— Work task —
The listing below should be printed exactly, every line of it. Skip the pictures.

— The data —
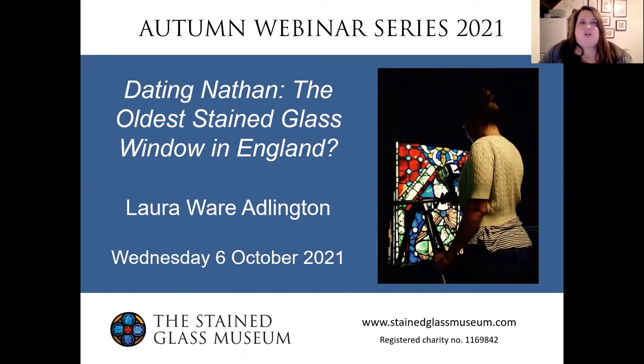Hello and welcome to the Stained Glass Museum's online webinar this evening: 'Dating Nathan, the oldest stained glass window in England,' given by Dr. Laura Ware Adlington. Last summer, stained glass made headline news as scientific research confirmed that four figures of the Ancestor series at Canterbury Cathedral predated the 1174 fire, as first argued by stained glass historian Madeleine Kavanis in 1987. This led to the conclusion that the glass dated from circa 1130 to 1160 and is therefore among the oldest glass in the UK.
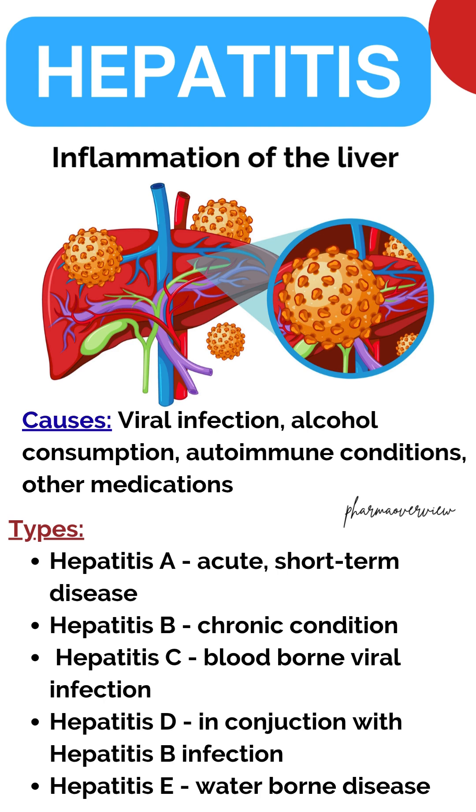Hepatitis A is mostly a foodborne illness and can be spread through contaminated water and unwashed food. It is the easiest to transmit, especially in children.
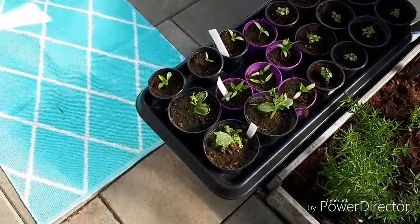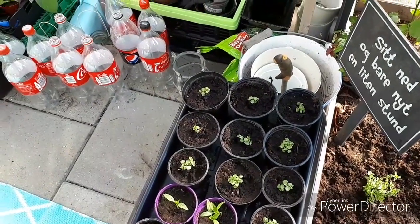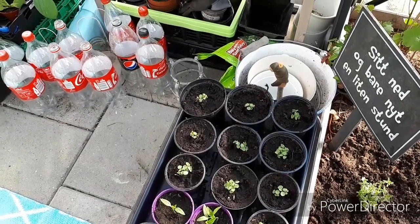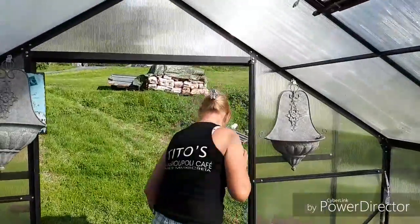These here are cucumbers. The peppers - chili, cayenne I think it is, and something called Paprika. Can you tell me what it's called in English?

— Result below —
Hello and welcome to the Stained Glass Museum's online webinar this evening: 'Dating Nathan, the oldest stained glass window in England,' given by Dr. Laura Ware Adlington. Last summer, stained glass made headline news as scientific research confirmed that four figures of the Ancestor series at Canterbury Cathedral predated the 1174 fire, as first argued by stained glass historian Madeleine Kavanis in 1987. This led to the conclusion that the glass dated from circa 1130 to 1160 and is therefore among the oldest glass in the UK.
Hepatitis A is mostly a foodborne illness and can be spread through contaminated water and unwashed food. It is the easiest to transmit, especially in children.
These here are cucumbers. The peppers - chili, cayenne I think it is, and something called Paprika. Can you tell me what it's called in English?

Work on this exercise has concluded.